Ryan: We, uh, certainly had our ups and downs. That's kinda putting it mildly. I mean, there were many times that we couldn't be in the same room at the same time, let alone call each other friends. But then Spike was born and Zach had my son's back from the very beginning. From before the very beginning, actually. He refused to let the doctors deliver prematurely because he was afraid he wouldn't make it. He had so much faith in you. He knew that you were going to be okay, that you were going to pull through and you did, and so did our son. Over the years, I called Zach a lot of things, a lot of them not so nice. Most of them I wish I could take back. But I was always proud to share the title of Spike's father with him, and I always will be.
Yeah, nice attempt at a save there, ass. "I hated Zach. A whole lot.A helluva lot. Actually, I prayed for his death many times. And now he's dead. Huh. I'd take it all back if I could, though. Because that's the kind of guy I am. I'm a forgiving guy.
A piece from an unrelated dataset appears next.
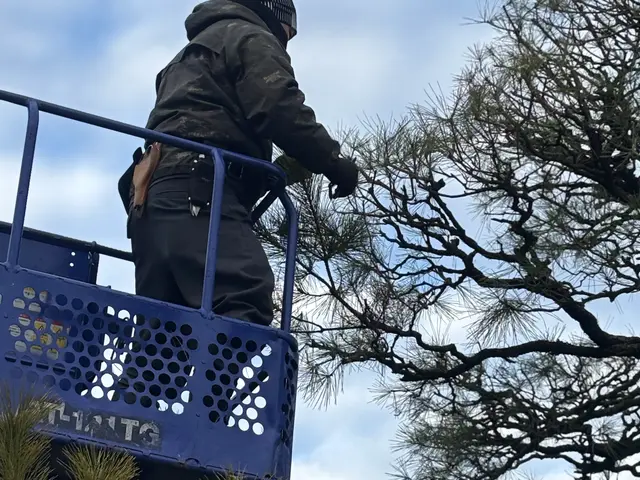 「見積り・相談無料」◆植え込み・生垣の剪定いたします。サービスの画像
I'd do anything for the chance to forgive Zach for making me say such horrible, hurtful things."
- While Ryan is mostly terrible, he's not wholly terrible: his scenes with Spike were all kinds of adorable, because Cameron Mathison is so charming when he's with kids. If Ryan became a babysitter and had his screentime reduced to about eight minutes a week, I could learn to stop hating him with a burning passion.
Spike, on his Redwings shirt: I wanted to wear this for Daddy Zach.
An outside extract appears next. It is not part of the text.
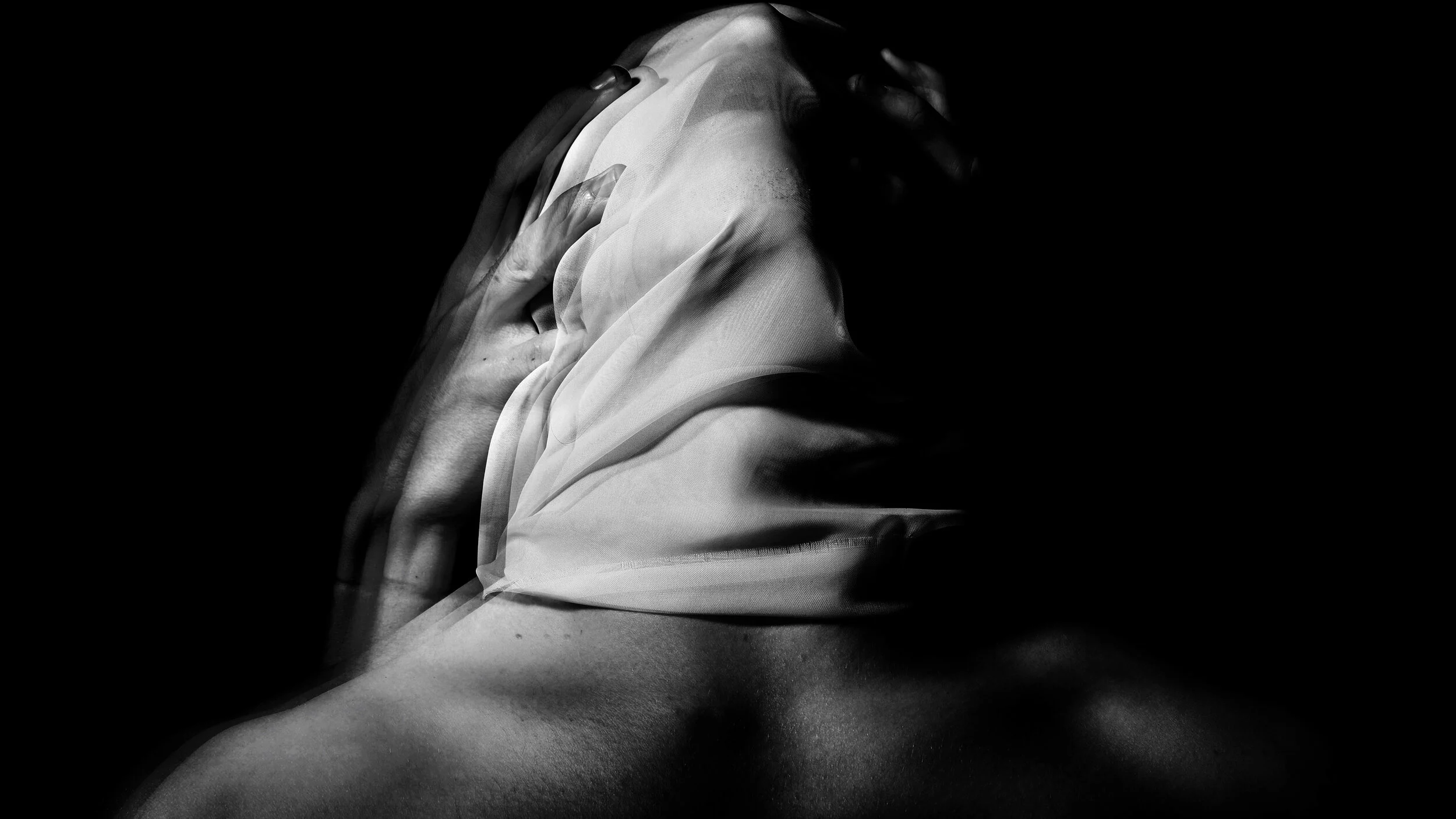 Eddins, Sophie Portfolio 8.jpg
Ryan: I don't know what I was thinking. This is perfect.
And it WAS perfect. So cute! I wrote down "Spike is so cute, I can't even" two separate times in my episode notes.
- I had some traumatic flashbacks when Greenlee started her eulogy with the words "Zach was amazing in that bomb shelter".
- I sort of adore Christina Bennett Lind and her shiny, shiny hair but when she came out with this:
Bianca: [Zach] saved your lives. And he saved mine, too. But he also gave me life, the most precious gift. He gave me Gabby.
I started to scream, "KILL IT! KILLLLL ITTTTTTTTT!" I'm not proud. What an appropriate and not at all uncomfortable topic to discuss at a memorial!
- The scenes with Tad giving Kendall support and advice on a subject he knows all too well were really nicely done.
- When Bianca couldn't find Kendall (she was getting the aforementioned support and advice from Tad), Amanda tried to be helpful by asking, "Have you tried calling her?" Oh, Amanda. So, so pretty. So, so dim.
- Does Ricky Paull Goldin add anything to this show?
- The memorial dominated most of the episode, save for a few minutes between Asher and Caleb, with Caleb telling Asher about his mother's death. And I have to say, their scenes were really nicely done! I enjoy Asher (I enjoy him even more since his presence in Pine Valley rendered Damon obsolete) and Trent Garrett did quite well today. And--this is HUGELY shocking--Michael Nouri actually ACTED in their scenes. I KNOW! I was as surprised as you because that NEVER happens. He mostly just acts uninterested or bored.
So good, you guys. And so sad. Do you think AMC can make it two good episodes in a row? Or does there need to be another dead body for that to happen?